■ ASSIGNMENT ■
When you transcribe the listing that follows, keep every line exact and omit the pictures.

■ RECORDED DATA ■
---+---

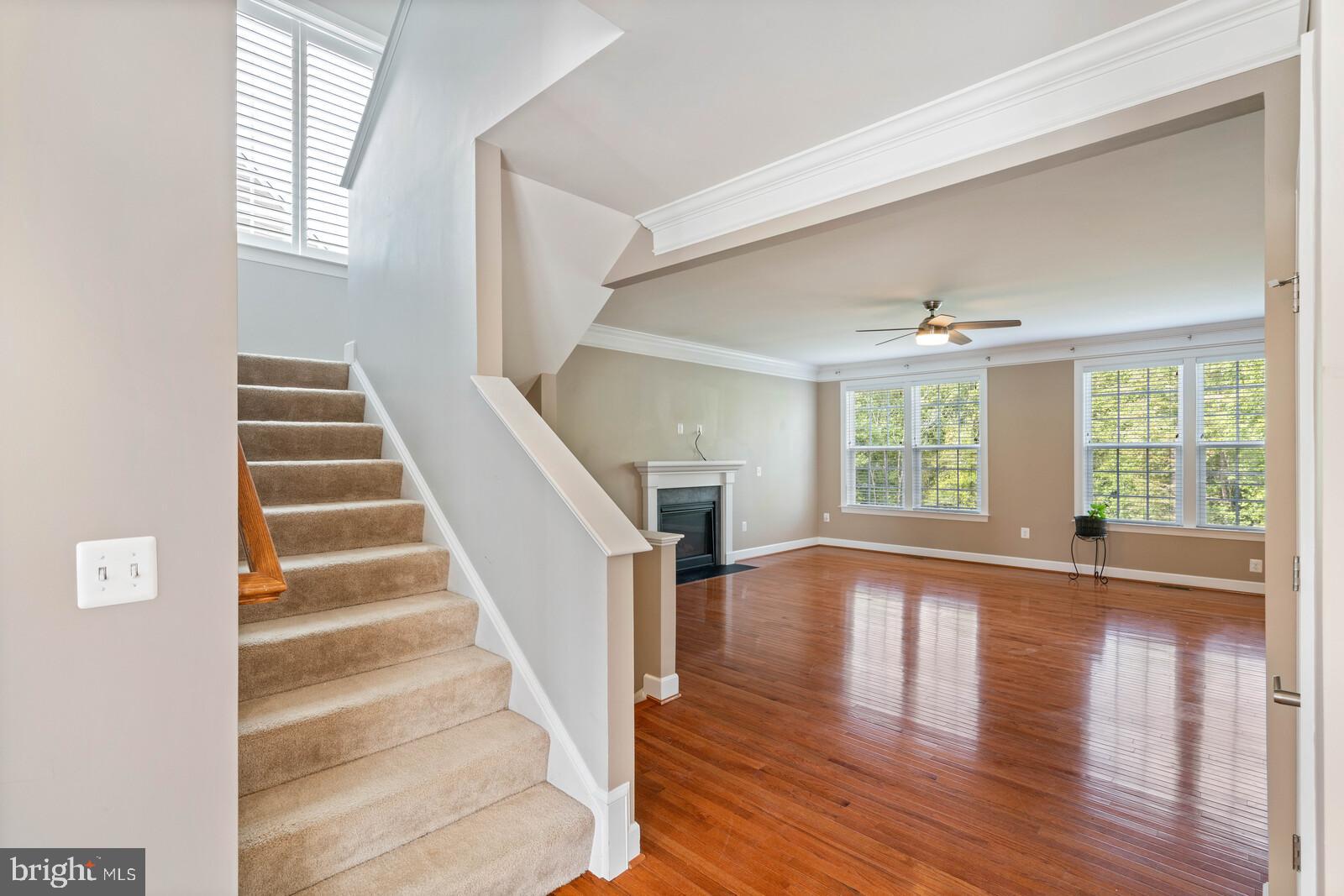 HOPE HILL CROSSING - Residential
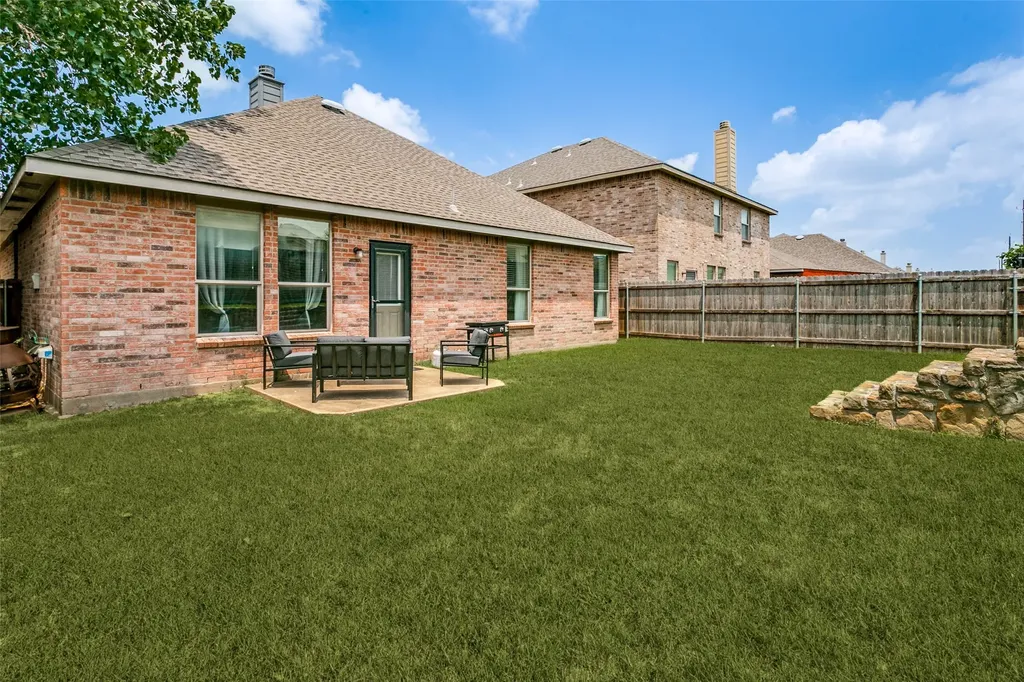 8824 Noontide Drive Fort Worth TX 76179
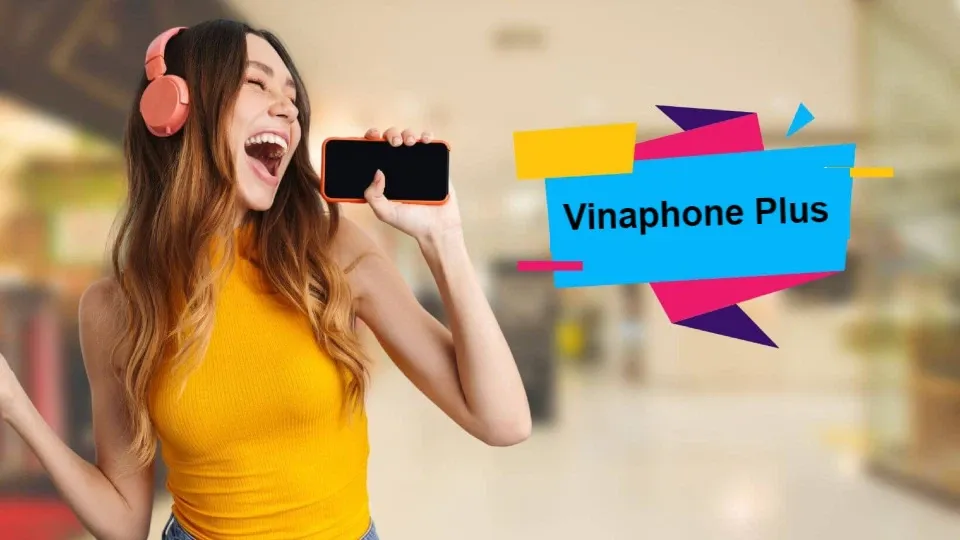 Vinaphone Plus đổi điểm: Hướng dẫn cách đổi điểm lấy quà tặng miễn phí từ Vinaphone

---+---

■ TASK OUTPUT ■
 HOPE HILL CROSSING - Residential
 8824 Noontide Drive Fort Worth TX 76179
 Vinaphone Plus đổi điểm: Hướng dẫn cách đổi điểm lấy quà tặng miễn phí từ Vinaphone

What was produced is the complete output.